- League: National League
- Division: West
- Ballpark: The Astrodome
- City: Houston, Texas
- Record: 83–79 (.512)
- Divisional place: 3rd—tied
- Owners: John McMullen
- General managers: Al Rosen Dick Wagner
- Managers: Bob Lillis
- Television: KTXH HSE
- Radio: KTRH (Gene Elston, Milo Hamilton, Larry Dierker, Jim Durham, Jerry Trupiano)

= 1985 Houston Astros season =

24th season in Major League Baseball for the Houston Astros

The 1985 Houston Astros season was the 24th season for the Major League Baseball (MLB) franchise located in Houston, Texas, their 21st as the Astros, 24th in the National League (NL), 17th in the NL West division, and 21st at the Astrodome. The Astros entered the season as having tied for second place in the NL West with an 80–82 record and 12 games behind the division-champion and NL pennant-winning San Diego Padres.

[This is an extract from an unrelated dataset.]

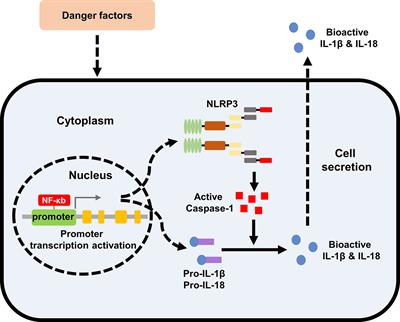 NLRP3 Inflammasome in Metabolic-Associated Kidney Diseases: An Update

On April 5, Nolan Ryan made his second Opening Day start for Houston, who hosted the Los Angeles Dodgers and won, 2–1. In the amateur draft, Houston's first round selection was outfielder Cameron Drew at 12th overall. Knuckleball pitcher Joe Niekro earned his 200th win on July 2, and, on July 11, Ryan became the first pitcher to reach 4,000 career strikeouts.

Left fielder José Cruz and Ryan each represented the Astros at the MLB All-Star Game and played for the National League. This was the second career selection for Cruz and seventh for Ryan. Cruz recorded his 2,000th career hit on September 15.

In September, Dick Wagner became the ninth general manager in franchise history, replacing Al Rosen.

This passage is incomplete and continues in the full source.